■ EXERCISE OBJECTIVE ■
Please take the records that follow and repeat exactly the lines starting with the line with "a bedroom with" and going on through the line with "Young Hispanic man, sitting".

■ DATA FOR ANALYSIS ■
================
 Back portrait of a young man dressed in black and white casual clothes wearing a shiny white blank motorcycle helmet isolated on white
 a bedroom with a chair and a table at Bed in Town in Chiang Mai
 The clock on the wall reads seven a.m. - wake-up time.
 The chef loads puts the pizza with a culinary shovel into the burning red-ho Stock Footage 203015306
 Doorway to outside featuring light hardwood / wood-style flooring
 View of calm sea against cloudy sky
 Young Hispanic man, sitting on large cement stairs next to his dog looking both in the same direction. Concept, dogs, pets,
================
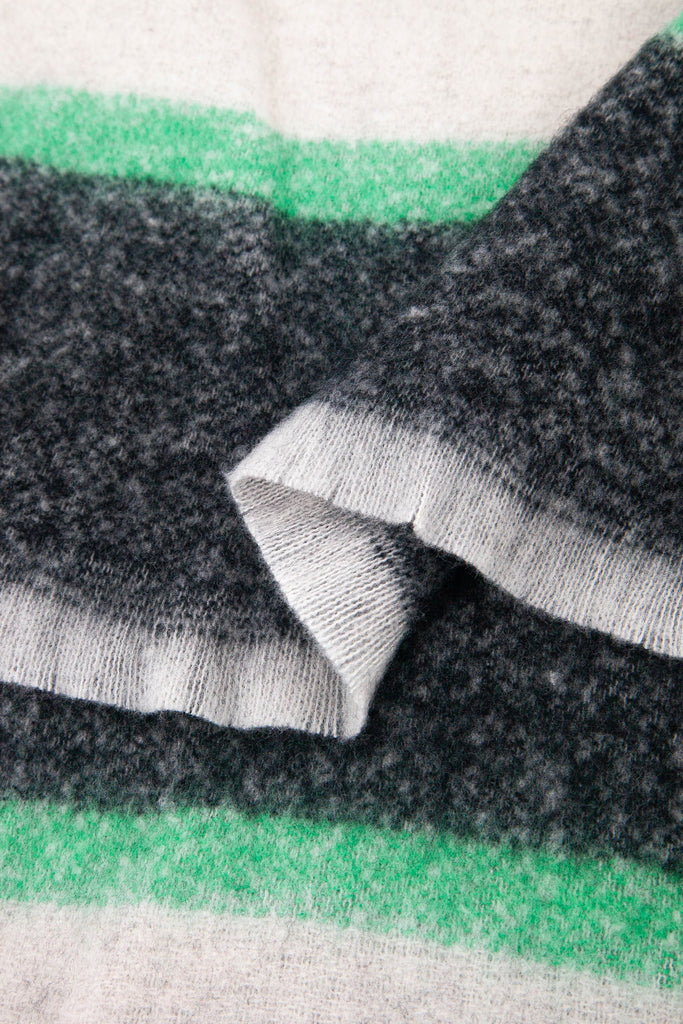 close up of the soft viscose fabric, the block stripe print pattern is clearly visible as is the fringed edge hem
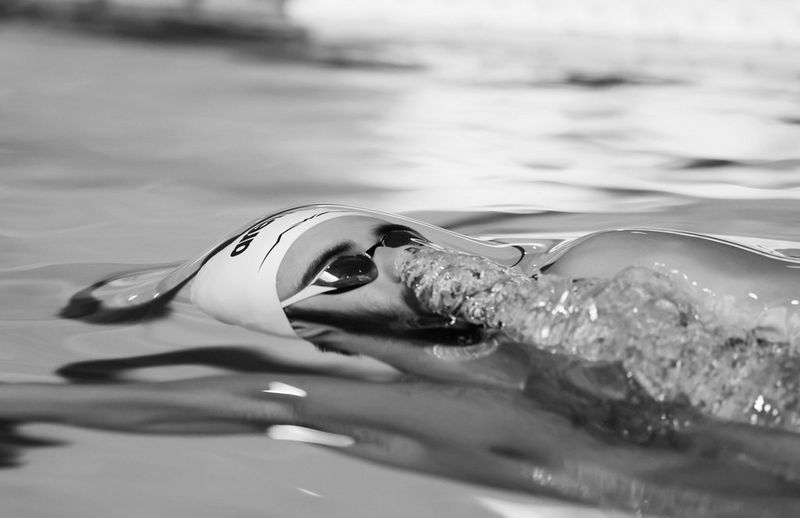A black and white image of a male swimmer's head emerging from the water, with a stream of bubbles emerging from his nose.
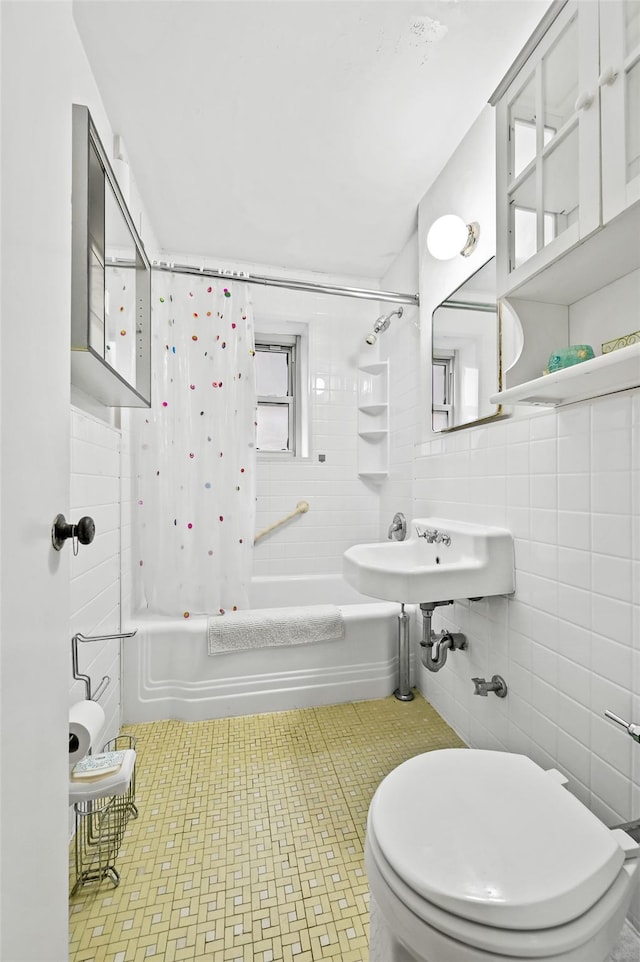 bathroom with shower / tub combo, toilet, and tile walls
================
■ EXERCISE RESPONSE ■
 a bedroom with a chair and a table at Bed in Town in Chiang Mai
 The clock on the wall reads seven a.m. - wake-up time.
 The chef loads puts the pizza with a culinary shovel into the burning red-ho Stock Footage 203015306
 Doorway to outside featuring light hardwood / wood-style flooring
 View of calm sea against cloudy sky
 Young Hispanic man, sitting on large cement stairs next to his dog looking both in the same direction. Concept, dogs, pets,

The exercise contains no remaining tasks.